System architecture encompasses decisions as to where to place specific software components. Should certain components be placed on the same server or on different machines? Enterprises may have a specific high-speed processing server or high-end reliable storage facility that they’ll want to leverage for specific components. These decisions will lead to different types of architectural organizations. We can broadly categorize them into centralized and decentralized organizations.
1. Centralized Organizations: Client-Server Systems
A server is a process implementing a specific service (e.g. database service). The client is a process requesting that service from a server. The client sends the request and waits for the reply (request-reply behavior). Where these processes are physically distributed will lead to different multitiered architectural styles.
Remember the three layers discussed above (interface, processing, data layer)? While we distinguish between three logical levels, there are several ways to physically distribute a client-server application across machines.
The simplest organization is using two types of machines: 1) a client machine with the user interface (layer one), and 2) the server interface containing the program implementing the process and the data (layers two and three). In this case, everything is handled by the server while the client is nothing more than a dumb terminal. This is called a (physically) two-tiered architecture. However, there are other ways to separate these three layers on two machines. Possibilities range between separation, as mentioned above, to having everything, except the stored data, running on the client machine.
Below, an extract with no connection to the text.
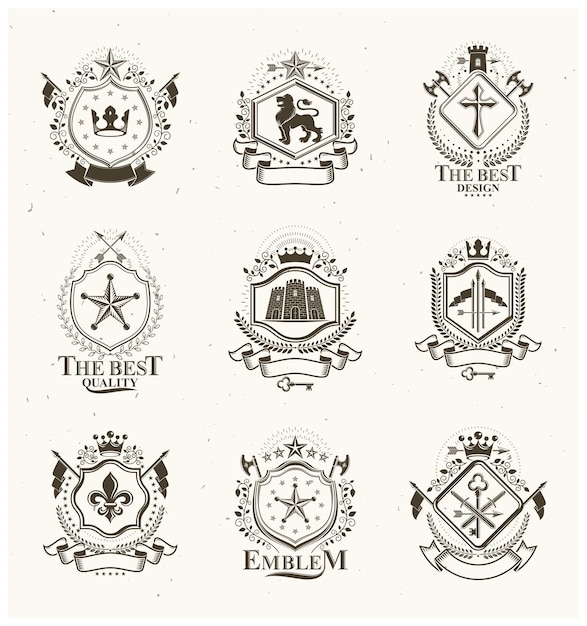 Composiciones de emblemas decorativos antiguos, vectores heráldicos. elegante colección de ilustraciones simbólicas de alta calidad, conjunto de vectores.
You can see these different variations in the graphic below.
In (physically) three-tiered architectures, one of the servers also has to act as a client. The application is spread across three machines, one client and two servers. One of the servers may need input from the other server to process the client request, acting as a client.
Multitiered client-server architectures are a direct consequence of dividing distributed applications into a user interface, processing components, and data-management components. Different tiers correspond directly with the logical organization of applications (software architecture corresponds to system architecture). This is called vertical distribution in which logically different components are placed on different machines. This allows for each machine to be tailored to a specific function, for example, placing the processing layer on a high-end processing server.
2. Decentralized Organization: Peer-to-Peer Systems
In modern architectures, clients and servers themselves are distributed, in so-called horizontal distribution. A client or server may be physically split, but each part operates on its own share of complete data thus balancing the load. So, instead of having one data store all components have access to, potentially turning into a bottleneck, each component has its own dataset. These are called peer-to-peer systems. Each process acts as client and server at the same time, often referred to as servant.
Peer-to-peer architectures evolve around the question of how to organize processes in an overlay network — a network in which nodes are formed by processes and links represent possible communication channels.
As we’ve seen, there are multiple ways of organizing applications into logical components (software architecture considerations). Whether layered, object/service-oriented, REST, or pub/subscribe is the best approach largely depends on the application. These components are then placed on different physical machines (system architecture considerations), either in a client-server or peer-to-peer fashion. In our article “Primer: Understanding the Cloud Native Impact on Architecture,” we discuss how cloud native is breaking the barriers of more traditional technologies, enabling enterprises to quickly adapt to market demands.